VISHDAAL – behavior changes


Changes in behavior can indicate if your cat’s mental state has declined. The acronym VISHDAAL summarizes the behavior changes we need to monitor in our senior cats, from the most prevalent (vocalizing) to least frequent (changes in learning and memory).

V = vocalization
I = changes in interaction with us and other pets
S = changes in sleep-wake cycle
H = house soiling
D = disorientation
A = changes in activity
A = anxiety
L = learning and memory

How do we sort out behavior changes due to disease and those due to declining mental capacity?

Changes in behavior signal the onset of cognitive decline but they may also arise from other health issues:

  • Cats with untreated high blood pressure or hyperthyroidism may meow at night (vocalizing).
  • Cats with untreated hyperthyroidism may be restless and beg us for food (changes in interactions and sleep).
  • Kidney disease can be accompanied by increased thirst and urination which may result in house soiling (house soiling)
  • Cats with osteoarthritis may have difficulty accessing the litter box (house soiling).

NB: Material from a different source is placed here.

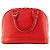 LOUIS VUITTON - Borsa a tracolla Louis Vuitton Alma BB in pelle epi rossa Rosso - vista 3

behavior changes: disease vs Dementia


Regular veterinary exams and diagnostics can identify medical conditions such as high blood pressure, hyperthyroidism, and osteoarthritis.  If behavioral changes persist after treating these other medical conditions, your cat may have CDS or cat dementia. 

Cat dementia is a “diagnosis of exclusion” – it is the diagnosis that remains after all the other possible diagnoses have been eliminated. Cat dementia will usually have a slow onset and behavioral symptoms will gradually get worse.

Cognitive Dysfunction (CDS) cannot be cured but management can reduce the symptoms and improve the Quality of Life for both you and your cat.

managing cat dementia


  • environmental enrichment/modification
  • dietary supplements
  • therapeutic diets
  • medication

Environmental enrichment/modification


In the early stages of cat dementia, enrichment increases mental stimulation, leading to the growth and survival of neurons, preserving the thinking processes.  Enrichment should be tailored to the individual cat.  For example, some cats prefer high places; others are “ground dwellers”.  Arthritic cats will not have the range of motion of healthier cats but will still enjoy play that does not require lots of jumping.

Ways to enrich your cat’s environment:

  • play – interactive play and toys
  • scent enrichment – catnip, silvervine
  • food puzzles
  • motion – climbing (cat trees) and exploring (cardboard boxes)
  • supervised outdoor access

As CDS progresses…

Environmental changes become stressful and confusing. Cats with severe cat dementia need an environment that does not change much – daily routines and feeding schedules must be maintained. Litter boxes and feeding stations need to stay in the same place.

A cat with severe CDS may benefit from a “room of his own”, with easy access to his resources. Changes that need to be made must be done slowly. If you need to move a litter box or feeding station, do it gradually over a number of days so the cat can still find it.

Environmental modifications

Modifications to the environment of the cat with dementia should take into account the behavior that she is exhibiting.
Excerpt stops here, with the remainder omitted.